### What is being asked
The line containing "Festina Damen Taschenuhr Goldig 25mm" marks the end: restate word for word every line from the first line of the entries below through that one.

>>>

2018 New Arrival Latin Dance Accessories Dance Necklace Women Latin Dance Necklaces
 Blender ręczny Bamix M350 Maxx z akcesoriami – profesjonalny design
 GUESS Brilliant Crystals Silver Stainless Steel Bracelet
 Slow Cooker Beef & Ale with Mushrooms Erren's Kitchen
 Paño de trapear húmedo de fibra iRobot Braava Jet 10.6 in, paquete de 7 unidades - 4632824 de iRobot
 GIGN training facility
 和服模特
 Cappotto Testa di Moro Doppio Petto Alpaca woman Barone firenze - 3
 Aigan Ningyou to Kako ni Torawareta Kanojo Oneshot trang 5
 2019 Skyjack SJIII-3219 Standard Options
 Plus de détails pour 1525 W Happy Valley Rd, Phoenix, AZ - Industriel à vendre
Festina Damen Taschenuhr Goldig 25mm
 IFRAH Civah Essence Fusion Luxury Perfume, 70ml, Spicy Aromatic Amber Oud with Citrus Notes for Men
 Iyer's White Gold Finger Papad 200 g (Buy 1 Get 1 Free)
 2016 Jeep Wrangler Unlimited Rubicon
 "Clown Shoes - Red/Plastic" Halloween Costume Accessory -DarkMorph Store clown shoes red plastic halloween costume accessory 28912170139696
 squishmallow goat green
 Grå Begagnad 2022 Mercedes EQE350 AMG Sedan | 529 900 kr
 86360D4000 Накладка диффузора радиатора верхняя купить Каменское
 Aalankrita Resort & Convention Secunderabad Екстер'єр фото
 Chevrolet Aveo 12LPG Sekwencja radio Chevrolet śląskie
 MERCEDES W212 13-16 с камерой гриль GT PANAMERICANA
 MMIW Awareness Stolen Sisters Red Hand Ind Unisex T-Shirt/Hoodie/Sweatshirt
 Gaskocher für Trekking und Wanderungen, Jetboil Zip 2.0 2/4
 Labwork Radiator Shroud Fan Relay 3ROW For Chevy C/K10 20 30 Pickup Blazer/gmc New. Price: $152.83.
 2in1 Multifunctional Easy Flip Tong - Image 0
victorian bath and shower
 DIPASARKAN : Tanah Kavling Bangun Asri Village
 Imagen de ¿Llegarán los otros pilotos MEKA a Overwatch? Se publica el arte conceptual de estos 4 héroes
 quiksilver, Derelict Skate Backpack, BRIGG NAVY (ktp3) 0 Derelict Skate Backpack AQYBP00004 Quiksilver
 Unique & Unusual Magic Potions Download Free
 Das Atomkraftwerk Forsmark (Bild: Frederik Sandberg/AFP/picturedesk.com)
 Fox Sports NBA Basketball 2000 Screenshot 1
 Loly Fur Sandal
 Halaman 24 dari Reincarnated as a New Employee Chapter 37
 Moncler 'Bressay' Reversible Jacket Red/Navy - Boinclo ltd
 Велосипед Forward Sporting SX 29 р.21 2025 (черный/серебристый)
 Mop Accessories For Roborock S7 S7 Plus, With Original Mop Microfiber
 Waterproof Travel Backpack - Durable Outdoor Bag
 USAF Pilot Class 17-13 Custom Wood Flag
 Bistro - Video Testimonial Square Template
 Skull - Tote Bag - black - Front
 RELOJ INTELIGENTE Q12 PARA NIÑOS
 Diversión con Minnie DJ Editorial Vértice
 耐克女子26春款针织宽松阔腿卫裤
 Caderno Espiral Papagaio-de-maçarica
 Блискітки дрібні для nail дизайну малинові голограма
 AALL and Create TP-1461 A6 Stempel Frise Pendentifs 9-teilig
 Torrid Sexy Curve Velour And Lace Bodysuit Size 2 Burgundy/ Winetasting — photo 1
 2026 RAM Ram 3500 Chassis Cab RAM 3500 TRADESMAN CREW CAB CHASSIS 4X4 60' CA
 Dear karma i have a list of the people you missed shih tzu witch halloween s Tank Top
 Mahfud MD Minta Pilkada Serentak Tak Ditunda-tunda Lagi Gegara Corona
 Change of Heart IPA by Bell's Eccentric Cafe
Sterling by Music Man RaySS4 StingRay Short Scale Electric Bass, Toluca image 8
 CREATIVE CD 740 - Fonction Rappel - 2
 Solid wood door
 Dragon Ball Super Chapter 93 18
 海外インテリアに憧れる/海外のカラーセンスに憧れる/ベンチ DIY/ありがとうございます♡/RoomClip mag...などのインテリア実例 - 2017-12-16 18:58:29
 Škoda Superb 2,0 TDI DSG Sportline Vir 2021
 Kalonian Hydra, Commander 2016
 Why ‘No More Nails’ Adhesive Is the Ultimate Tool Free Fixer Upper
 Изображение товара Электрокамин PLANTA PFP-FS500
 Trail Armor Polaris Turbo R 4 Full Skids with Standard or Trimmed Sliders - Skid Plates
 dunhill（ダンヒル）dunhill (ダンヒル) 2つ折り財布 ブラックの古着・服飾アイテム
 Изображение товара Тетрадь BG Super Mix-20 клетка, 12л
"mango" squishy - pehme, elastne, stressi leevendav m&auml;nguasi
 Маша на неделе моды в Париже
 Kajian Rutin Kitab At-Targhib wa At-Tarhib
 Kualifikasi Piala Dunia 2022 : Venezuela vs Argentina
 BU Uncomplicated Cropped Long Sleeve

<<<

### Result of the task
2018 New Arrival Latin Dance Accessories Dance Necklace Women Latin Dance Necklaces
 Blender ręczny Bamix M350 Maxx z akcesoriami – profesjonalny design
 GUESS Brilliant Crystals Silver Stainless Steel Bracelet
 Slow Cooker Beef & Ale with Mushrooms Erren's Kitchen
 Paño de trapear húmedo de fibra iRobot Braava Jet 10.6 in, paquete de 7 unidades - 4632824 de iRobot
 GIGN training facility
 和服模特
 Cappotto Testa di Moro Doppio Petto Alpaca woman Barone firenze - 3
 Aigan Ningyou to Kako ni Torawareta Kanojo Oneshot trang 5
 2019 Skyjack SJIII-3219 Standard Options
 Plus de détails pour 1525 W Happy Valley Rd, Phoenix, AZ - Industriel à vendre
Festina Damen Taschenuhr Goldig 25mm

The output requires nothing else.